Al piano terra e seminterrato verranno costruiti vani agricoli usati come garage per macchinari agricoli, deposito per attrezzature e prodotti agricoli.
Inoltre, verranno costruite complessivamente 7 autorimesse come accessorio all’unità abitazione “prima casa” e/o come accessorio agli appartamenti e camere destinati all’attività agrituristica.
I nuovi appartamenti e le camere da costruire, prima di poter essere utilizzati per l’attività agrituristica nonché come abitazione del proprietario, devono essere iscritti nel catasto edilizio urbano e, con molta probabilità, saranno classificati nella categoria catastale A/2 (abitazioni), mentre i vani agricoli saranno da classificare, quali immobili strumentali, nella categoria catastale D/10 e le autorimesse nella categoria C/6.
L’Istante, inoltre, precisa che il nuovo fabbricato da costruire (che sarà a sé stante e dunque non aggiunto ad un’altra casa già esistente), dovrà essere considerato “Tupini” ai sensi dell’articolo 13 della legge 2 luglio 1949, n. 408, in quanto verrà rispettato il requisito fissato dalla norma interpretativa di cui all’articolo unico della legge 2 dicembre 1967, n. 1212, secondo il quale almeno il cinquantuno per cento della superficie totale dei piani sopra terra deve essere destinato ad abitazioni e non più del venticinque per cento della stessa superficie deve essere destinato a negozi.

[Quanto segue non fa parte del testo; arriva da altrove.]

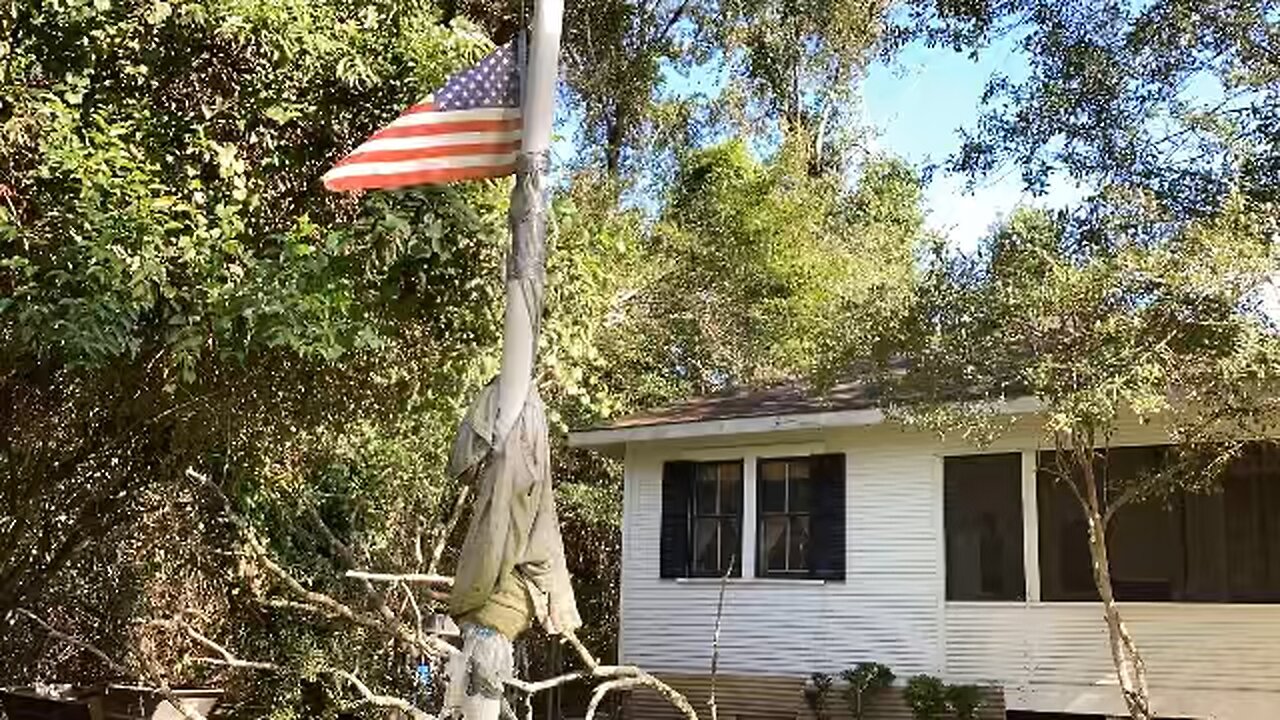 Cutting a Tree for a 2020 STIHL Chainsaw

Al riguardo, l’Istante rappresenta che analoga fattispecie è stata esaminata e risolta da questa Agenzia delle Entrate con la risposta n. 4 del 18 settembre 2018, in cui sono stati forniti chiarimenti:
1) sull’applicazione dell’IVA relativa alla costruzione di un fabbricato “Tupini” composto da più unità immobiliari con destinazioni diverse, confermando in questo caso l’applicazione dell’aliquota del 10% ai sensi del combinato disposto del n. 127-undecies) e del n. 127-quaterdecies) della Tabella A, Parte III, allegata al d.P.R. 26 ottobre 1972, n. 633;
2) sulla ripartizione delle spese di costruzione tra le attività svolte dal contribuente e la sua sfera privata, da effettuarsi a seconda dell’effettiva destinazione di ogni singola unità immobiliare;
3) sulla necessità di utilizzare un criterio di ripartizione dei costi basato su dati certi ed obiettivamente comprovanti quale quello basato sulle quote millesimali.

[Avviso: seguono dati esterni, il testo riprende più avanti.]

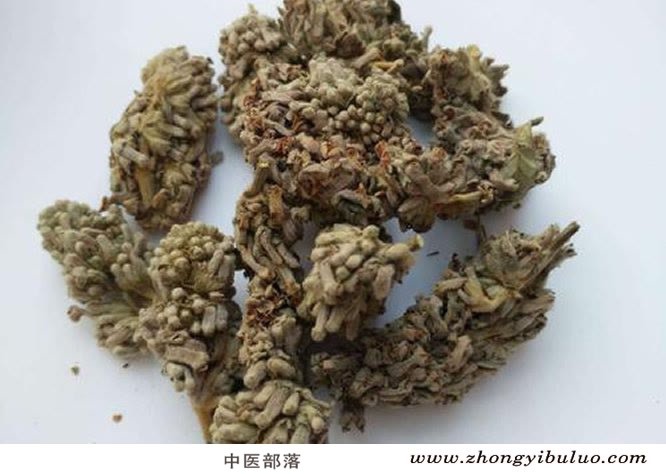 密蒙花 - 图片2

Ciò posto, l’Istante chiede di conoscere la corretta aliquota IVA applicabile alle spese di costruzione del fabbricato sopra descritto e, in particolare, se sia possibile fruire di aliquote IVA diverse per ogni singola unità immobiliare a seconda della loro effettiva destinazione, a condizione che nel contratto di appalto relativo alla realizzazione di tale fabbricato siano “indicati corrispettivi distinti per ogni unità immobiliare con destinazione diversa”.
Soluzione prospettata dal contribuente
L’Istante, considerato quanto previsto dall’art. 16 del d.P.R. n. 633 del 1972, dall’art. 23 del d.P.R. 26 aprile 1986, n. 131, e tenuto conto dei chiarimenti forniti con Risoluzioni n. 223 del 21 settembre 1996, n. 164 del 30 ottobre 1998 e n. 142 del 26 agosto 1999 e Circolari n. 182 del 11 luglio 1996, n. 21 del 23 aprile 2010 e n. 39 del 1 luglio 2010, ritiene che, con riferimento ad un fabbricato “Tupini”, composto da più unità immobiliari con destinazioni diverse, sussiste la possibilità di applicare aliquote IVA diverse, a seconda dell’effettiva destinazione delle varie unità immobiliari.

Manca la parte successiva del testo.